Pope Francis’ next reference to the psalms is a combination of 146:7-9 and 147:3-6. These two passages answer the question, “To whom is mercy shown?”
A look at the Bible as-a-whole clearly reveals that the ultimate answer to the question is, “Everyone.” God’s mercy is extended everywhere, to all, and in every age. As John 3:16 puts it, God loves the world.
But within that larger reality, the Bible often narrows the view. The two psalm texts are examples of that, putting the focus on selected people: the oppressed, the starving, prisoners, the blind, those who are bent low, immigrants, orphans, widows, the brokenhearted, and the poor. Why the narrowing?
For one thing, so that generalities can be made specific. It is not sufficient to say, “I love everyone.” Too easily this can become truth without virtue–affirmation without application.
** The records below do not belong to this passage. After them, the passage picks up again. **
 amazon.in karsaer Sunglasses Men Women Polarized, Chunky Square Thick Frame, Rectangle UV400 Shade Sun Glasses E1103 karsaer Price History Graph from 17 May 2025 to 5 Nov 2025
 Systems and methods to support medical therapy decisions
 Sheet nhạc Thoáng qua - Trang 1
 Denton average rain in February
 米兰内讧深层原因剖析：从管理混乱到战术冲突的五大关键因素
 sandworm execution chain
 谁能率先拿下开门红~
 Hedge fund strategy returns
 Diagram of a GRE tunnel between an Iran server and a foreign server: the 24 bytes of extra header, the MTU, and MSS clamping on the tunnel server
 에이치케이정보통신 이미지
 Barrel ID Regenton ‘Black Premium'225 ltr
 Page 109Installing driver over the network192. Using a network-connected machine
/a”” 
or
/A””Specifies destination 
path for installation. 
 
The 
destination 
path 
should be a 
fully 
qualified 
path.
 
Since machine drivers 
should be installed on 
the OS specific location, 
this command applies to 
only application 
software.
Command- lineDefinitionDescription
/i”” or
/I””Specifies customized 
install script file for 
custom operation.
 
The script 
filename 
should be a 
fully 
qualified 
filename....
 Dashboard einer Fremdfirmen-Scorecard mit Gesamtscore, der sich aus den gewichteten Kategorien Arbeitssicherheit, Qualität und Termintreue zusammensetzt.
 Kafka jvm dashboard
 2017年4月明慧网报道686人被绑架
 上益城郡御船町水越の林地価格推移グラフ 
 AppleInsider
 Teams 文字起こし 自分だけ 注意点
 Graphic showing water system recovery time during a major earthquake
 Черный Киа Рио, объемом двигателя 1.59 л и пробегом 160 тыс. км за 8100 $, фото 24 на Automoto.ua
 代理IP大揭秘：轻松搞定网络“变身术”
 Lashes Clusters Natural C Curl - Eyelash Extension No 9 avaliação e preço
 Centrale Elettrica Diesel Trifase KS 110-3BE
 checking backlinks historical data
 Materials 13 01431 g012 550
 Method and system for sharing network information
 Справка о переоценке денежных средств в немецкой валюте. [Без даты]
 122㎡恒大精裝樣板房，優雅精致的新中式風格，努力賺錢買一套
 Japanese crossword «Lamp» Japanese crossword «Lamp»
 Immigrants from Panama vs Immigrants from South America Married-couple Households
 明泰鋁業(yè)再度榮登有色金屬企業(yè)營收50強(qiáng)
Mercy must always,be expressed to actual people, not just to “humanity.”
For another thing, the field of vision focuses on those who are often either overlooked or caricatured. The people named in the psalm texts are those who are often not in our customary frame of reference. The Bible does not allow us to show mercy only to those who are like us or only to the folks we usually associate with.
The call to be merciful includes the willingness to show it to those who are too easily bypassed. The world takes care of its own. We are called to care for those whom the world forgets, marginalizes and excludes. We are called to see those whom the world fails to see and to hear those whom the world no longer listens to.
So, Pope Francis used passages like these two psalms to remind us, and to challenge us, to show mercy to all–to the whole world, whom God loves. As John Wesley expressed it, “I look upon all the world as my parish.” From such a vision mercy flows.